MADlib: Big Data Machine Learning in SQL for Data Scientists
MADlib is open source with commercially usable BSD license; supports Postgres and Pivotal Greenplum DBMS, and provides classification, regression, clustering, topic modeling and other analytics for Big Data.
MADLib approach is to leverage the efforts of commercial practice, academic research, and open-source development to build a product that addresses the needs of the analytic challenges within modern business.
Key MADlib architecture principles are:
- Operate on the data locally-in database. Do not move it between multiple runtime environments unnecessarily.
- Utilize best of breed database engines, but separate the machine learning logic from database specific implementation details.
- Leverage MPP Share nothing technology, such as the Pivotal Greenplum Database, to provide parallelism and scalability.
- Open implementation maintaining active ties into ongoing academic research.

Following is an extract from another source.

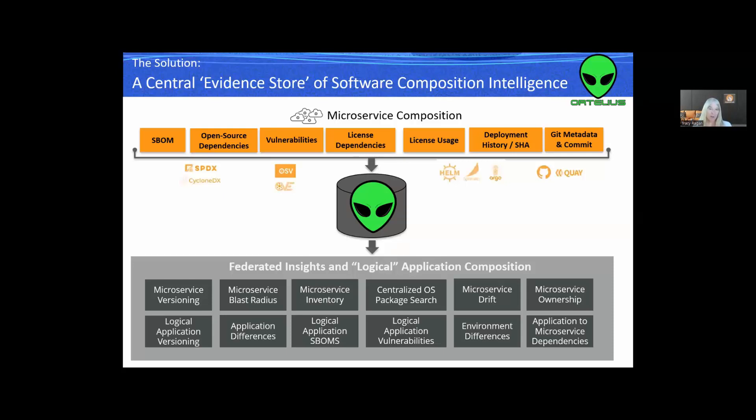If we know which applications are using a microservice, we can create a blast radius for that microservice — we know who it impacts. We can also show the difference between two application release candidates based on a change at the microservice level. We can track inventory, create logical application SBOMs by aggregating that information up, as well as logical application vulnerabilities. We can track drift, show differences between environments, show ownership of applications and application-to-microservice dependencies, and centralize the open source package search so we can look for Log4j in one place.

MADlib functionality includes:
- Topic Modeling: attempts to identify clusters of documents that are similar to each other, but it is more specialized in a text domain where it is also trying to identify the main themes of those documents.
- Association Rule Mining, also called market basket analysis or frequent itemset mining
- Descriptive statistics
MADlib software project began in 2010 as a collaboration between researchers at UC Berkeley and engineers and data scientists at EMC/Greenplum (later Pivotal), and today it also includes researchers from Stanford and University of Florida.
Learn more and download at
Mayur Rustagi on LinkedIn also suggested a related MLlib - machine learning library - developed on top of Apache Spark. It leverages the in-memory capabilities of Spark for iterative processing often required in machine learning and graph processing.